■ Listed records:
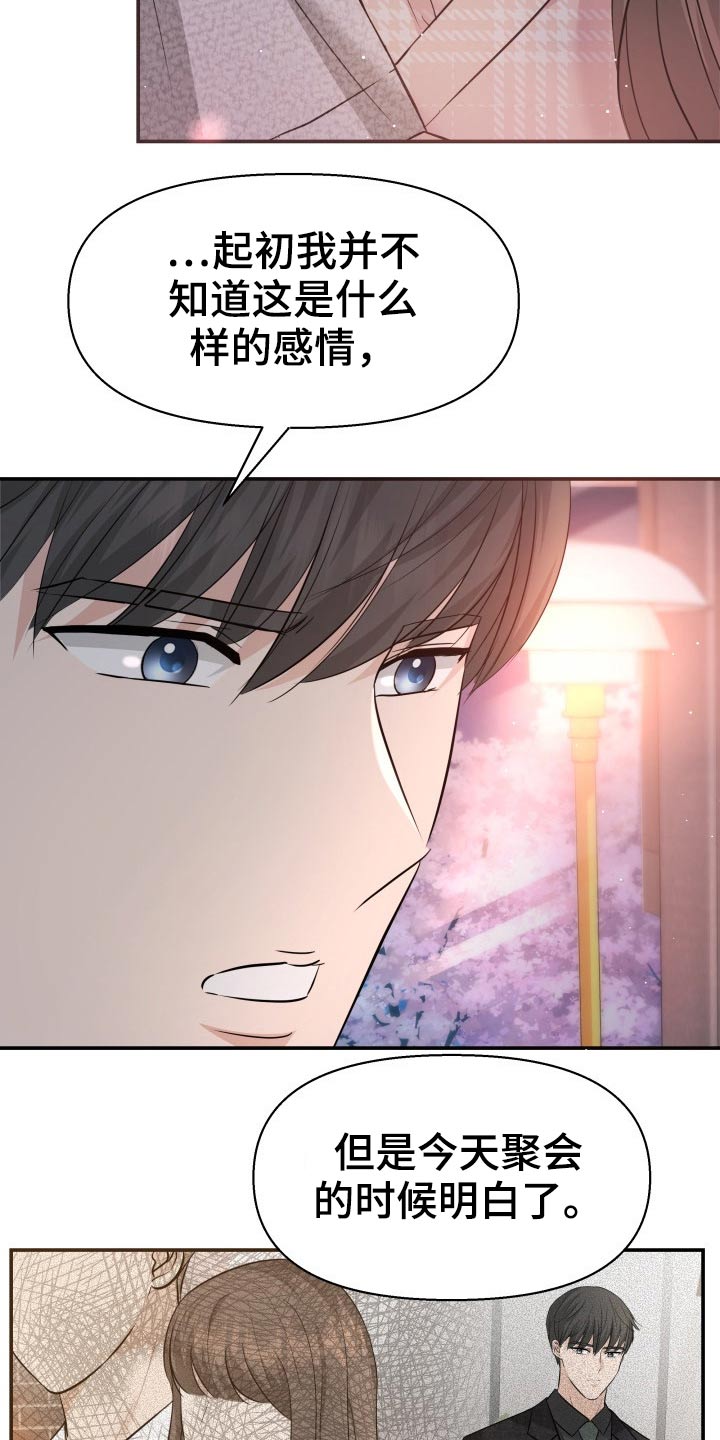 换面法的具体操作步骤和注意事项漫画,第48章：激动3图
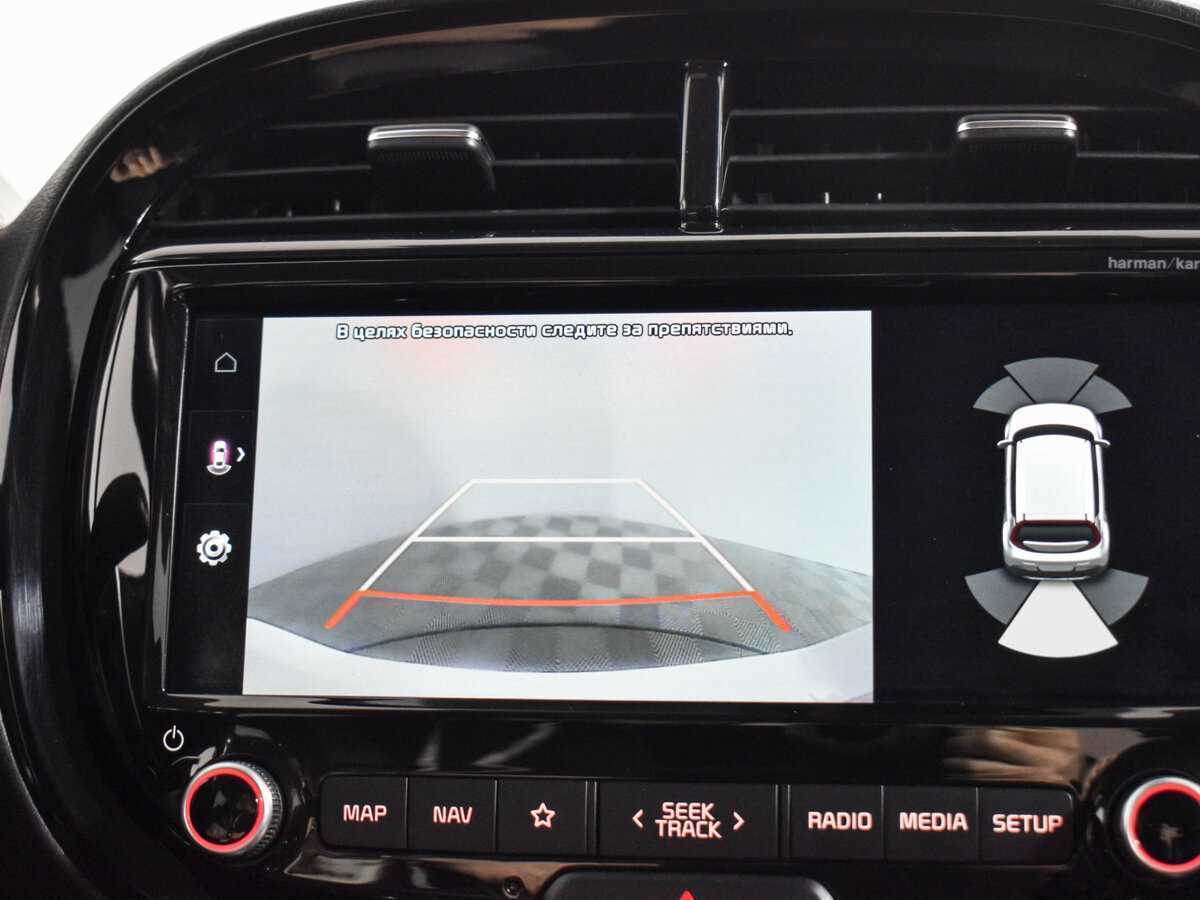 Продажа Б/У Киа Соул. Фото: #19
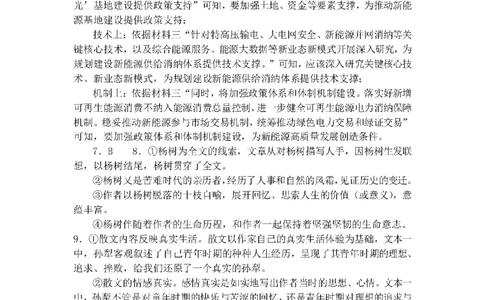 成都七中2023-2024学年度高三（上）入学考试语文答案(1)_2023年9月_029月合集_2024届四川成都七中高三（上）入学考试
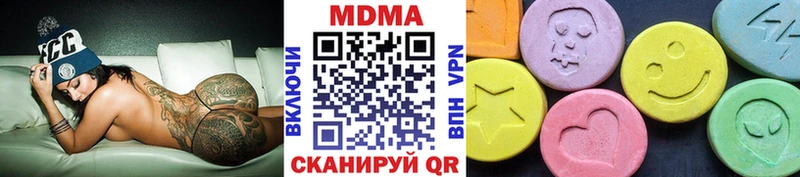 MDMA Molly  Алейск 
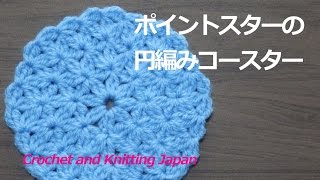 ポイントスターの円編みコースター：長編み【かぎ針編み】編み図・字幕解説 How to Crochet Point Star Coaster / Crochet and Knitting Japan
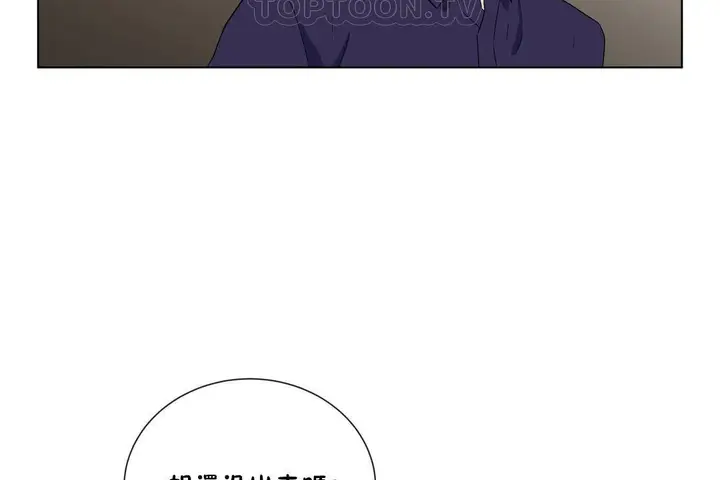 漫画《羞愧的房间》第19话第124张图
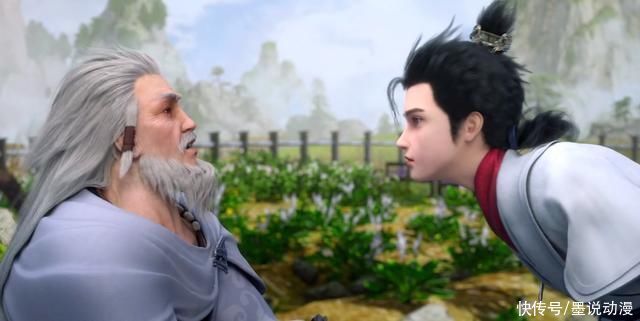 石昊|完美世界:神藤指导石昊修炼，诡爷、慕炎老祖登场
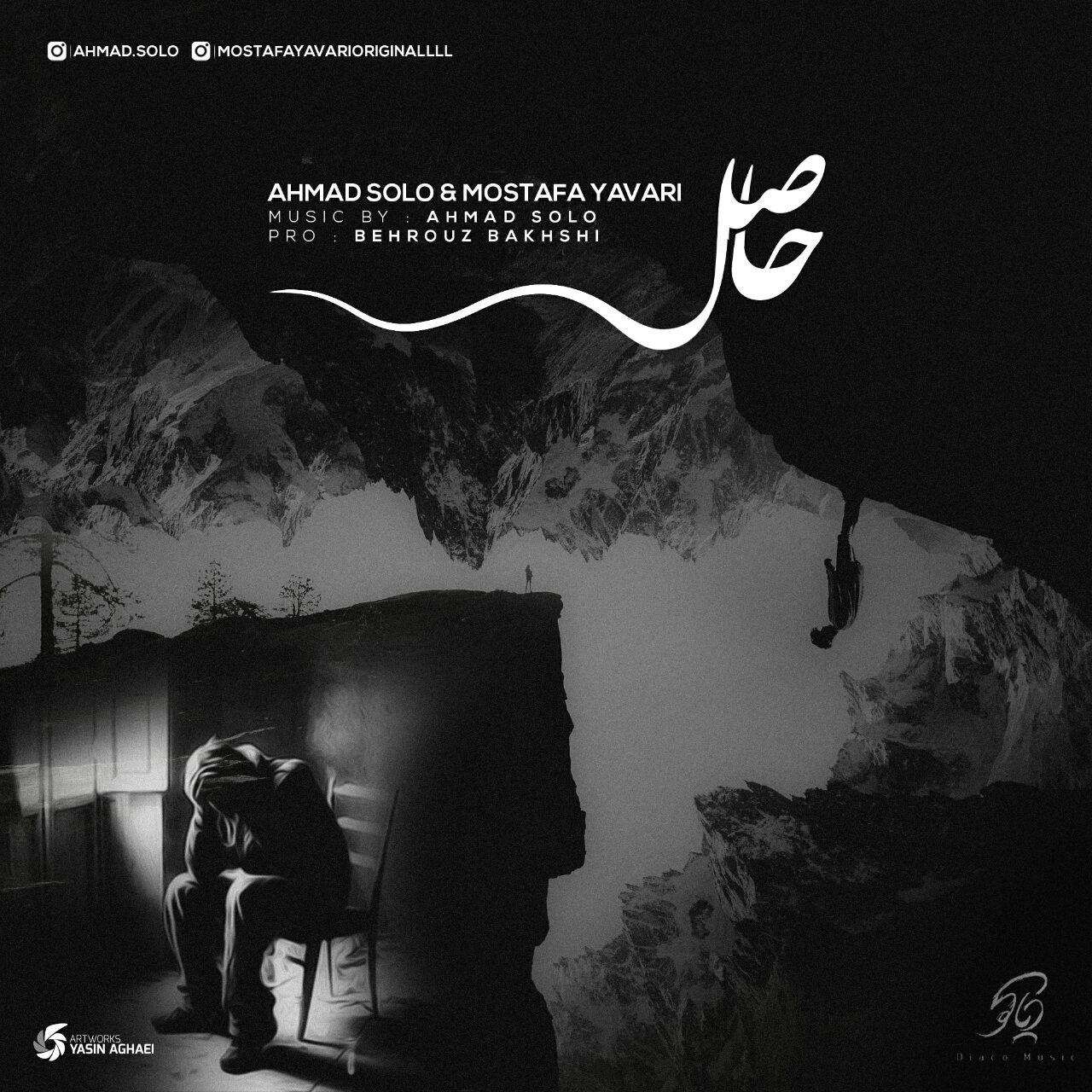 احمد سلو و مصطفی یاوری حاصل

■ Exercise details: Copy the lines of the records, beginning where the line containing "石昊|完美世界:神藤指导石昊修炼，诡爷、慕炎老祖登场" appears and continuing through the final line, exactly and with no pictures.

■ Task output:
 石昊|完美世界:神藤指导石昊修炼，诡爷、慕炎老祖登场
 احمد سلو و مصطفی یاوری حاصل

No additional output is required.